Prophylactic self-isolation for coffee, creation and inspiration. Day 121st.

You won’t believe me, but I believe myself. How a new attitude to COFFEE has changed me in a year (from July 2019):

Coffee lady in a coffee cup by Dr. A. Palatronis on

coffee was romping with me as with a marionette puppet

Many times, many years I was trying to get rid of coffee consumption. My main reasons to do so were as following:

  • headache if not drinking coffee at certain time
  • severe headache if trying not to drink coffee for a whole day
  • irritability, nervousness and general coffee addiction: a cup of coffee should be there whatever is happening around
  • sensitivity to weather changes: I needed additional portion of coffee, because I was just falling down without energy before rain starts
  • all those snacks and cakes which are inseparable companions of a coffee cup
  • so much time during a day was constantly dedicated just for coffee drinking
  • my level of energy depended on the external factor – coffee, but not on me
  • consciousness. As I understood that coffee was romping with me as with a marionette puppet – I tried times and times to get rid of it, without a success (or with a temporary success:)), until I read somewhere on internet that:

coffee consumption suppresses creativity

That was a long story, but after 2 weeks of the body’s suffering… – I was free. And we create when we are free…

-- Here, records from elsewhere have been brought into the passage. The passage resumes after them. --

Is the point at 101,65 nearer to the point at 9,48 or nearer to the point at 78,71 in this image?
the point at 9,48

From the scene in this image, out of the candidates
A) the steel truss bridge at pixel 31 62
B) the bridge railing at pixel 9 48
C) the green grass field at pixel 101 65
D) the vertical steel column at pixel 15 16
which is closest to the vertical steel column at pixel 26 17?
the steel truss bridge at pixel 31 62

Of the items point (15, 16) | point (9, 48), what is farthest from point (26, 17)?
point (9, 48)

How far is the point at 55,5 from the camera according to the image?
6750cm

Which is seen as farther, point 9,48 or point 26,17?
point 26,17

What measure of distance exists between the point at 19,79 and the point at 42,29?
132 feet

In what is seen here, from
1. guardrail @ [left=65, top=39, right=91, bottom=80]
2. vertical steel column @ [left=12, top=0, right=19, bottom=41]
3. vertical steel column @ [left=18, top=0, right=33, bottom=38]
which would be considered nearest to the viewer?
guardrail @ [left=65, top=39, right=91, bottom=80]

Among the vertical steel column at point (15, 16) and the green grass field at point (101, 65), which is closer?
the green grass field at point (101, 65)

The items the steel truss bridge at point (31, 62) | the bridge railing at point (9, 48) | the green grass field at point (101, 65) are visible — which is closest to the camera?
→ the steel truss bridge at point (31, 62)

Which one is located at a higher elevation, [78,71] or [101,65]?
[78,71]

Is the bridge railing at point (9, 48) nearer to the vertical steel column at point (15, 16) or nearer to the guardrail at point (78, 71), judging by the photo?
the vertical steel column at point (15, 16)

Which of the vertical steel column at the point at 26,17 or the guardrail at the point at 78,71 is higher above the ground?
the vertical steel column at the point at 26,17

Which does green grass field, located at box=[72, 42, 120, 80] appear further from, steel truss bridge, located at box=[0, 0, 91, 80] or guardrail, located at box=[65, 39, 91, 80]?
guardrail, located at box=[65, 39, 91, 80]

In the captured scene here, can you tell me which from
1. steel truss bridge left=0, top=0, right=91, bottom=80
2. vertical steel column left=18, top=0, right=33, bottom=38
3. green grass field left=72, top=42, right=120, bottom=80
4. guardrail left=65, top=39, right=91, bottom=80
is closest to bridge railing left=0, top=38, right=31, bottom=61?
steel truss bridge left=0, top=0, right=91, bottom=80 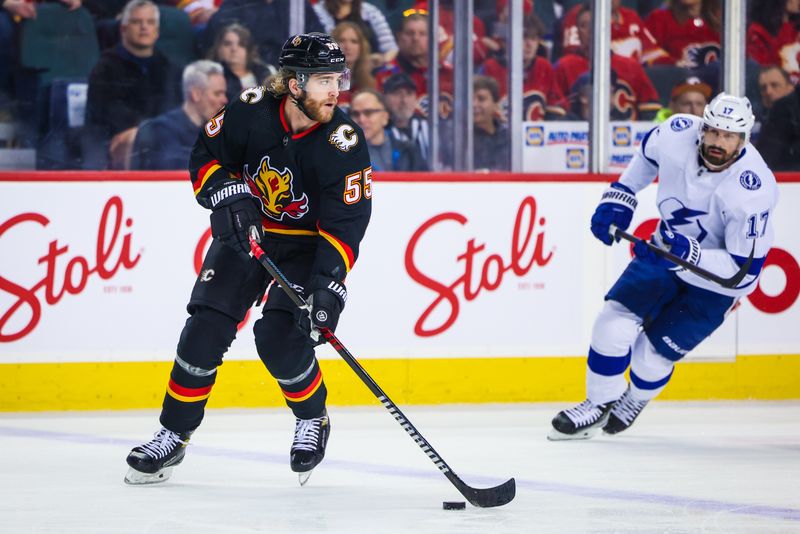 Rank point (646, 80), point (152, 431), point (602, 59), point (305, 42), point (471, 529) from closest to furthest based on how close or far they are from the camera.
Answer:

What has changed within a year without coffee:

  • I started to draw: painting class (before lock down), two online drawing courses, just drawing in a sketchbook for myself
  • tons of energy most of the time, even after workout or heavy physical load (like collecting 100 kg of plastic trash on a beach) : sometimes I feel like having the wings – many folds stronger and hardy than even in my teen-years
  • no headache AT ALL. Could you imagine A YEAR without a headache? Tell me if yes – it would be great to share experience!
  • Many years, I thought it was me, but it was a cup of coffee – that dizziness, nervousness and a manner I behaved was just a consequence of caffeine consumption, but not me. Now I feel my mind is much more calm and conscious
  • In my close-to-40, I started physical activity which requires lots of endurance – aerial dance classes
  • changes in weather do not control me anymore – it could be rainy weather, but there are no more feeling of falling down, being sleepy or loosing energy
  • lots of time saved and less cookies are eaten!
  • I stated to wake up early now, without an alarm!, (4:30-5:30 am every day!), so, obviously have more more time – no need to run and rush, all my time is mine. All your time could be yours too:)
  • I started my blog www.z-antenna. com!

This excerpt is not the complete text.